[Start of Attachment]

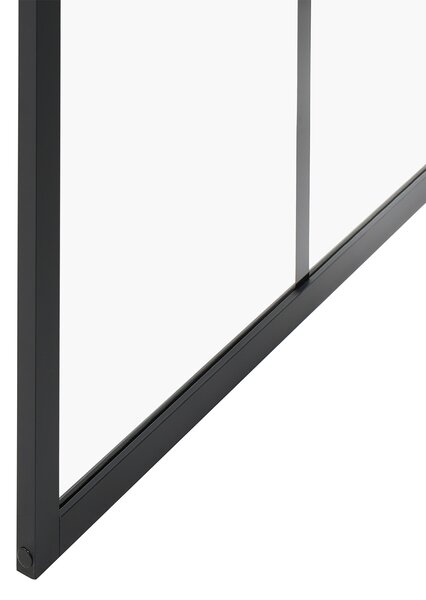 Sprchová zástena čierna tvrdené sklo hliníkový rám 90 x 195 cm moderný štýl kúpeľňa
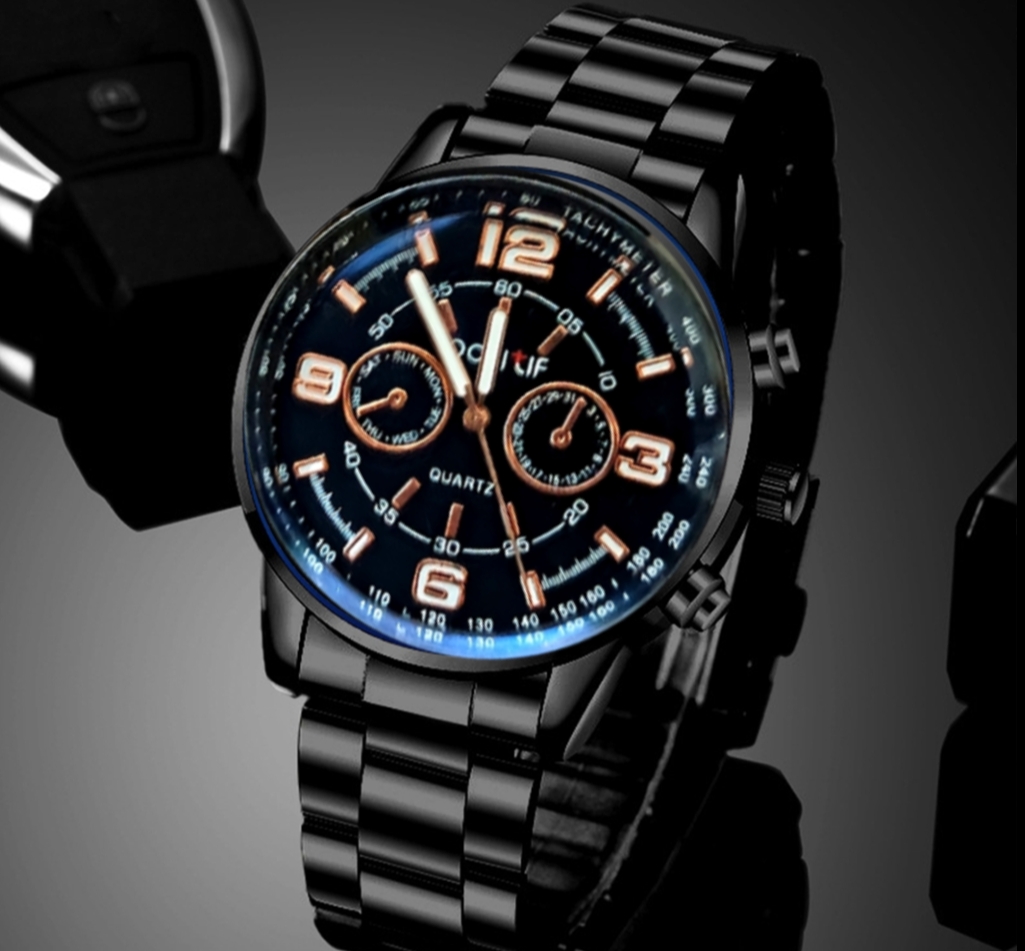 Pack of 4 Watch Set for Men Stainless Steel Fashion Watch, Bracelet, Ring and Locket Casual Business Style Black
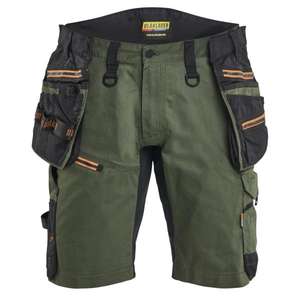 BLAKLADER - 197211494240C62 Craftsman <b>shorts</b> with two-way <b>stretch</b> Forest green/Rust - EAN 7330509951682 <b>WORK</b> TROUSERS - Product Image 1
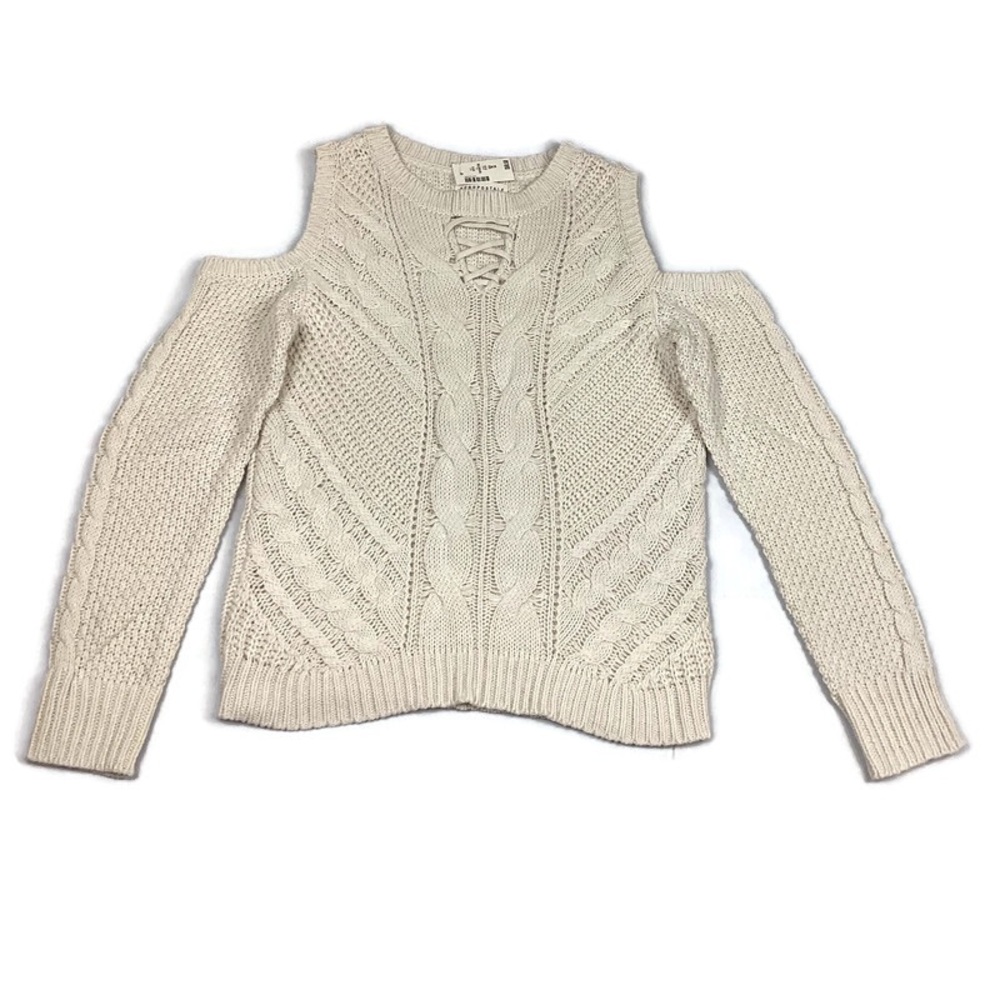 Aeropostale Cold Shoulder Cable Knit Pullover Sweater NEW!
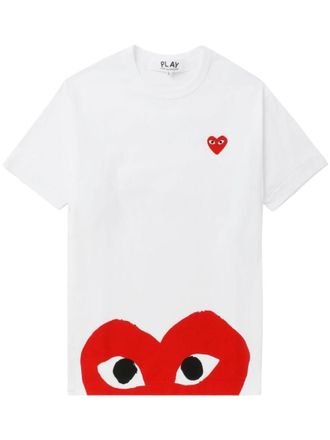 Comme Des Garçons White Crewneck Logo Print T-Shirt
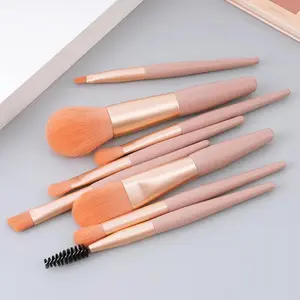 8Pcs Professional Makeup Brushes Set Cosmetic Powder Eye Shadow With Matte Plastic Handle With PU Bag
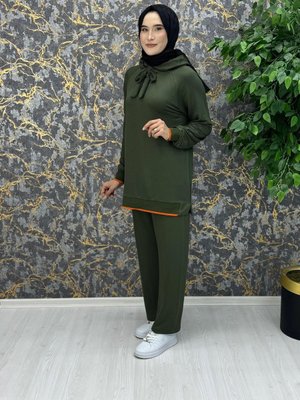 Scuba Kumaş Yarasa Kol Kapüşonlu Takım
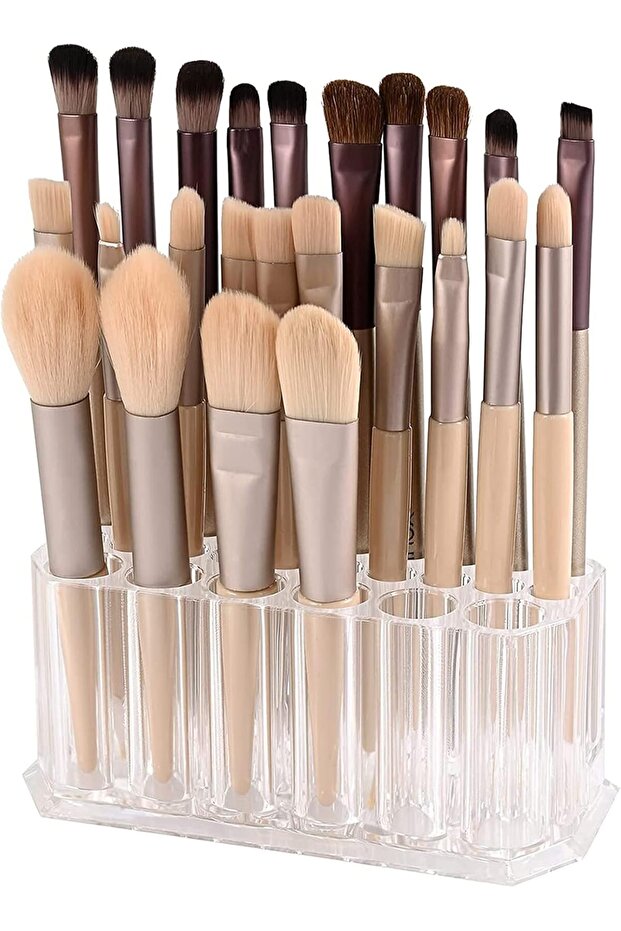 Makeup Brush Holder Organizer, Acrylic Eyeliner Lip Liner Holder Storage Box, Clear Brushes Beauty a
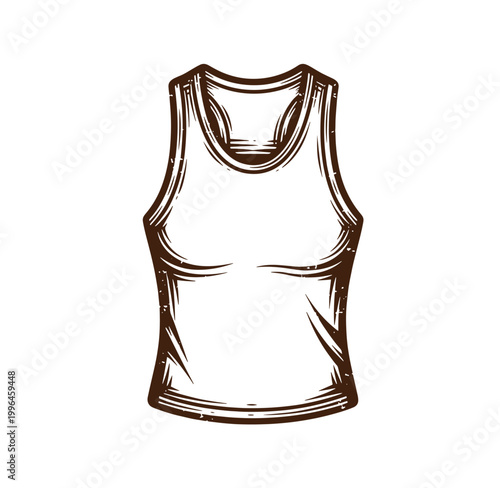 Brown outline of a womens sleeveless shirt on transparent background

[End of Attachment]

**Problem statement**
Write the lines out exactly, beginning at the line that holds "Comme Des Garçons" and stopping after the last line of the entries; include no pictures.

**Task answer**
 Comme Des Garçons White Crewneck Logo Print T-Shirt
 8Pcs Professional Makeup Brushes Set Cosmetic Powder Eye Shadow With Matte Plastic Handle With PU Bag
 Scuba Kumaş Yarasa Kol Kapüşonlu Takım
 Makeup Brush Holder Organizer, Acrylic Eyeliner Lip Liner Holder Storage Box, Clear Brushes Beauty a
 Brown outline of a womens sleeveless shirt on transparent background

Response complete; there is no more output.